80,000 Photos, Four Decades, One Unanswered Question: Why?

Album 42, page 83. [Kenneth T. Mars, Jr.] 

Kenneth T. Mars, Jr. (1940–2011) walked the roads of South Kingstown, Rhode Island, nearly every day, in every season, in every type of weather, for four decades. He walked to make pictures.

Between the late 1960s and the early 2000s, Mars, a tall and slender man who favored a trench coat, likely made 80,000 photos of trees and tree-lined roads. Of houses and historical buildings. Parades, parking lots, beachgoers, and baptisms. Dogs and chickens. His church. A station wagon passing by.

“After the film was developed, Mars methodically organized the prints, with the help of his dad, in dime-store albums.”

He used a simple point and click camera, presumably several different models over the years. There’s no evidence he sought to upgrade his equipment; he just needed a camera that worked. After the film was developed, Mars methodically organized the prints, with the help of his dad, in dime-store albums—heaps of them in all sizes, shapes, and colors. He stored the albums in the basement of the home he shared with his parents, on wooden shelves in his bedroom, and in boxes under his bed.

What isn’t known is—why? Why did Mars make the photographs?

He was a familiar presence to the people of South Kingstown. And yet, the prevailing opinion, says Erica Luke, the executive director of the local South County History Center, is that, outside of his family, “no one really knew” this man, who was at once amiable, laconic, inquisitive, and private.

Born in South Kingstown on March 29, 1940, Mars was the only child of Lucille Mars (née Greenwood) and Rev. Kenneth T. Mars, Sr. The family were members of the Narragansett Tribe. When Mars was 22 years old, he began working with the custodial staff at the University of Rhode Island (URI) Memorial Student Union. Forty years later, in 2002, he retired. A handful of pages in his photo albums show colleagues, their smiles and 80s-era hairstyles arrested by the camera’s flash. Mars is pictured too. He stands next to a co-worker, with his hands in the pockets of his blue work pants and alongside a man in a Rhode Island sweatshirt who playfully gives him bunny ears.
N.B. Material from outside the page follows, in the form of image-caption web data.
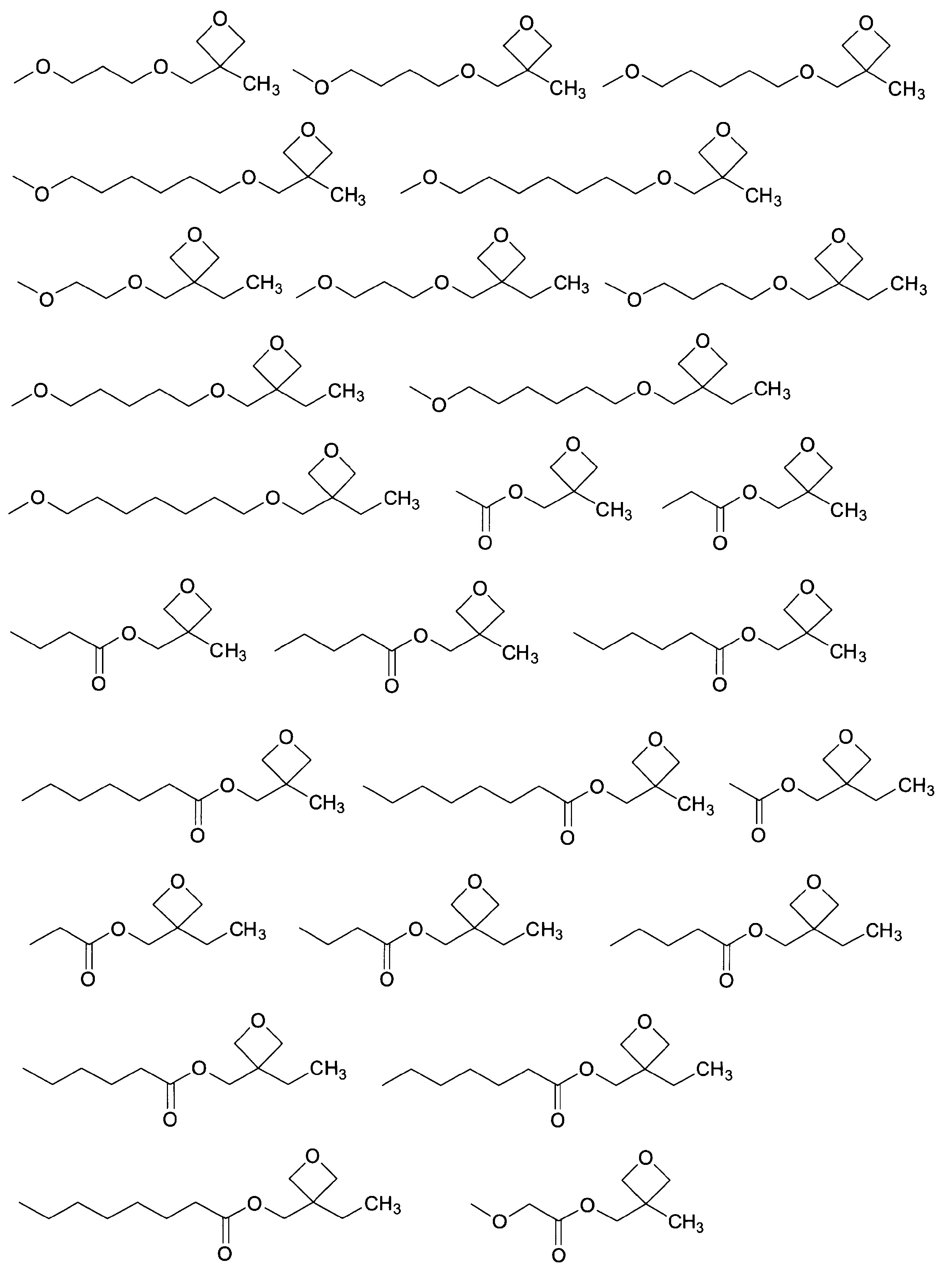 Figure JPOXMLDOC01-appb-C000023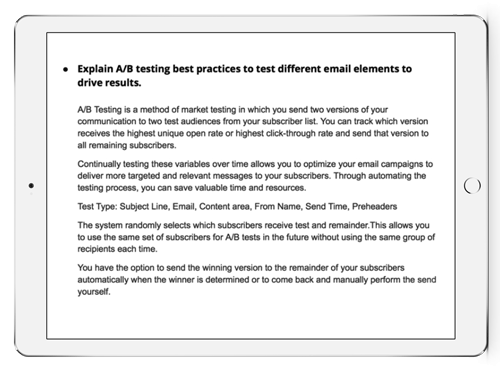 Salesforce Reliable Test Marketing-Cloud-Email-Specialist Test, Marketing-Cloud-Email-Specialist Reliable Exam Testking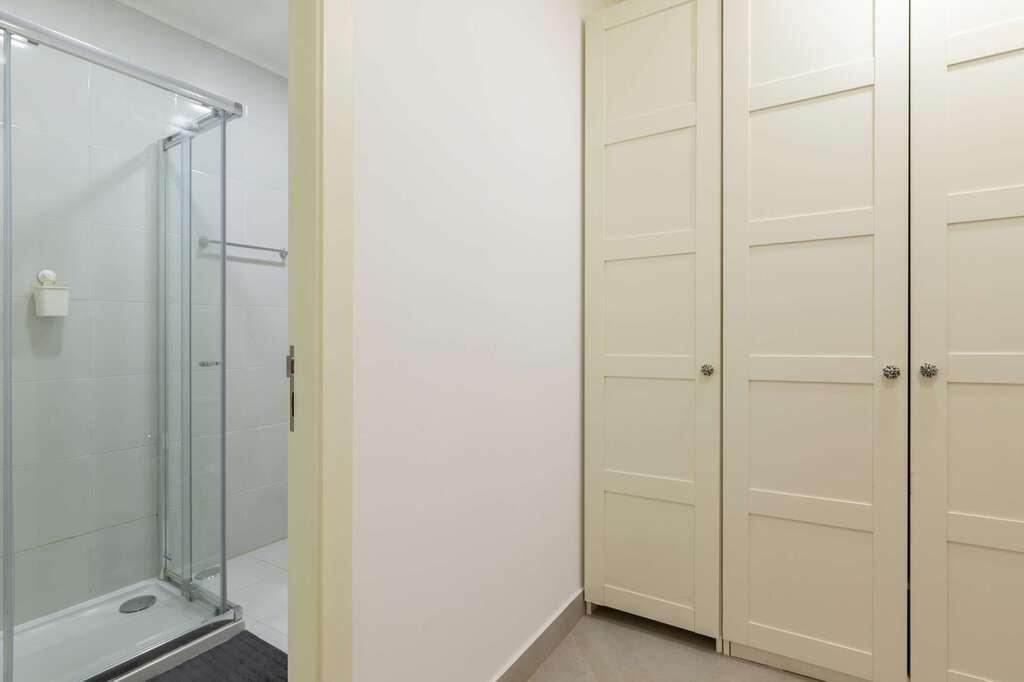 PF24154, Duplex T3 + 1, Lisboa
On weekends and for special gatherings, Mars served as an usher at the Peace Dale First Church of God. His father and other relatives helped build the church in the 1940s. “The Mars family were largely carpenters by trade,” says Silvermoon Mars LaRose, assistant director of the Tomaquag Museum, Rhode Island’s only museum entirely dedicated to telling the story of the Indigenous people of southern New England. Kenneth Mars, Sr. became the pastor of Peace Dale in the 1960s, and he and Lucille led the church for 30 years.

“Mars ‘loved family, he loved community.’”

“There’s a lot of family and community and memory attached to that church,” says LaRose. And Mars, she continues, “loved family, he loved community.” He and her father were first cousins and grew up together. She remembers Mars, quiet and reserved around town, becoming so animated as he recounted stories to her father from their past that the two men laughed to tears. “Ken Jr. was a riot,” she recalls. “I so enjoyed being a witness to this side of his personality.”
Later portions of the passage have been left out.